> **WHAT THE TASK REQUIRES**: Please report every line of the listing below that has the word "beige" in it.

> **SUPPLIED INFORMATION**:
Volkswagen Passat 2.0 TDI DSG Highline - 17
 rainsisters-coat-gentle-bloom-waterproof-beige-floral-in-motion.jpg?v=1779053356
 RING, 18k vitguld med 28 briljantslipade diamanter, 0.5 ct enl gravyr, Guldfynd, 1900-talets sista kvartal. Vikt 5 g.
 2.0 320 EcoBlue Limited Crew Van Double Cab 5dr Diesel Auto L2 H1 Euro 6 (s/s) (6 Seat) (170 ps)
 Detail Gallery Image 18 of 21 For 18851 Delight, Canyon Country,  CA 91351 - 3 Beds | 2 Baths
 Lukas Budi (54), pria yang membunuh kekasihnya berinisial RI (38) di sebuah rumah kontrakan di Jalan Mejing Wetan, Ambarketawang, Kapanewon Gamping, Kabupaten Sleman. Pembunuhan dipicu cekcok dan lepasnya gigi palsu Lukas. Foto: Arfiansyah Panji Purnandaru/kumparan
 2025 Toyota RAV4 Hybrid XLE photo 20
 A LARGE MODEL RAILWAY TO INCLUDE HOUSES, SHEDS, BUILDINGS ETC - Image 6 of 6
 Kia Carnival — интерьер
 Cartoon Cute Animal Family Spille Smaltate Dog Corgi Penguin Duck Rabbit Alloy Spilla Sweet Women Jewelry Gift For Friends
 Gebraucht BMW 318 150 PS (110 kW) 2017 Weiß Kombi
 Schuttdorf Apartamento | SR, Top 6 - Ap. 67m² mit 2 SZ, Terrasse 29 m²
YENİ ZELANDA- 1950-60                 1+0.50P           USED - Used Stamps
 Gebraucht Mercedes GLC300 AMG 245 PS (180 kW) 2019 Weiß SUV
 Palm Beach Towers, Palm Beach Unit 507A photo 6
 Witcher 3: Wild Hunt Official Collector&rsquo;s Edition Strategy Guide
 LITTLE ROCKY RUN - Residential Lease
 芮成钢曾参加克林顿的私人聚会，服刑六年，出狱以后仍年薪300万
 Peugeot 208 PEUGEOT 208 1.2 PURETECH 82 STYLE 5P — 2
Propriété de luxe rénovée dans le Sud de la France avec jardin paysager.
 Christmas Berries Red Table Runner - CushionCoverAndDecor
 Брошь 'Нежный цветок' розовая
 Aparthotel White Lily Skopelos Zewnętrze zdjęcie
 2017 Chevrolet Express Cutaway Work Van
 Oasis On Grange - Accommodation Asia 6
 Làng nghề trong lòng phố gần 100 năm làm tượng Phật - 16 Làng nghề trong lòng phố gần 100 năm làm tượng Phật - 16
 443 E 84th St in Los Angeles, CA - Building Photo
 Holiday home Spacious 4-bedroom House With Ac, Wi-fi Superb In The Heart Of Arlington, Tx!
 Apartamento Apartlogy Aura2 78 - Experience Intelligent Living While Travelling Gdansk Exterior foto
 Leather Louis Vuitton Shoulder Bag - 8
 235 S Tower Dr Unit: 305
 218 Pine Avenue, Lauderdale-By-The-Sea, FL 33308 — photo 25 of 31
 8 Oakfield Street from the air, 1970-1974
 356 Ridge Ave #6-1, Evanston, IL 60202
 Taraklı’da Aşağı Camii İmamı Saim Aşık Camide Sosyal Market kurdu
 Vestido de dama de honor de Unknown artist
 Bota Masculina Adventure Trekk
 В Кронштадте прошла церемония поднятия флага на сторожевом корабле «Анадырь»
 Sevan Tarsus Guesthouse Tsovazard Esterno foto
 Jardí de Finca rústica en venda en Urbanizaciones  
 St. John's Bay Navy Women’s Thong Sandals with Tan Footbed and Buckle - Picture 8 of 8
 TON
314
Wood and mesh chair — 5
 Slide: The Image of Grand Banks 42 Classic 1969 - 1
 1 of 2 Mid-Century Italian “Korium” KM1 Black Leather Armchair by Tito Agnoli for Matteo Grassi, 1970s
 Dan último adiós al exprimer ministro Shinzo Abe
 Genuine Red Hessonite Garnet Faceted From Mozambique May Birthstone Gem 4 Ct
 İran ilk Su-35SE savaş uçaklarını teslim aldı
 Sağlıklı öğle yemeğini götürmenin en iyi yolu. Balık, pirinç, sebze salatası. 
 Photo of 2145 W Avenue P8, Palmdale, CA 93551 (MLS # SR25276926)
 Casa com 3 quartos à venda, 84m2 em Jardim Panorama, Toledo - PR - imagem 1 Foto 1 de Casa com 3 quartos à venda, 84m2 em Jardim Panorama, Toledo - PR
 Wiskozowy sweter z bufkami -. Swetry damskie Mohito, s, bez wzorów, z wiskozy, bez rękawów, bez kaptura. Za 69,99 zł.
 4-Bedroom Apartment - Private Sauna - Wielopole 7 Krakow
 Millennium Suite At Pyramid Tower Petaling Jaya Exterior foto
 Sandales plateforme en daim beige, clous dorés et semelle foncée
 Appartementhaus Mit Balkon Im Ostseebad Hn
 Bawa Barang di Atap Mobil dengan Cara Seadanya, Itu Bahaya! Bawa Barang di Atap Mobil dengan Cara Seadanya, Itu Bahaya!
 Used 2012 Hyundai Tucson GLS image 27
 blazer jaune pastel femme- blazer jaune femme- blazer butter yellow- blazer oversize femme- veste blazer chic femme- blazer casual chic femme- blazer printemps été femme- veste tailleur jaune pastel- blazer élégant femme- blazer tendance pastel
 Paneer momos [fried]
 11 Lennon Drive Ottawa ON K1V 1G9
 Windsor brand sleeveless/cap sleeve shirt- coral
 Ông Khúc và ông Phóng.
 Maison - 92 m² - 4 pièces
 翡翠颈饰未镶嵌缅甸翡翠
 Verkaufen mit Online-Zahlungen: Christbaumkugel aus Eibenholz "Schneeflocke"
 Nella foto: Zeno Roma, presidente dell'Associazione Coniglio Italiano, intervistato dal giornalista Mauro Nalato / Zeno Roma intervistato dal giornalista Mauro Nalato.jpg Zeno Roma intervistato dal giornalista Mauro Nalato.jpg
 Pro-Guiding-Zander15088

> **EXERCISE ANSWER**:
 rainsisters-coat-gentle-bloom-waterproof-beige-floral-in-motion.jpg?v=1779053356
 Sandales plateforme en daim beige, clous dorés et semelle foncée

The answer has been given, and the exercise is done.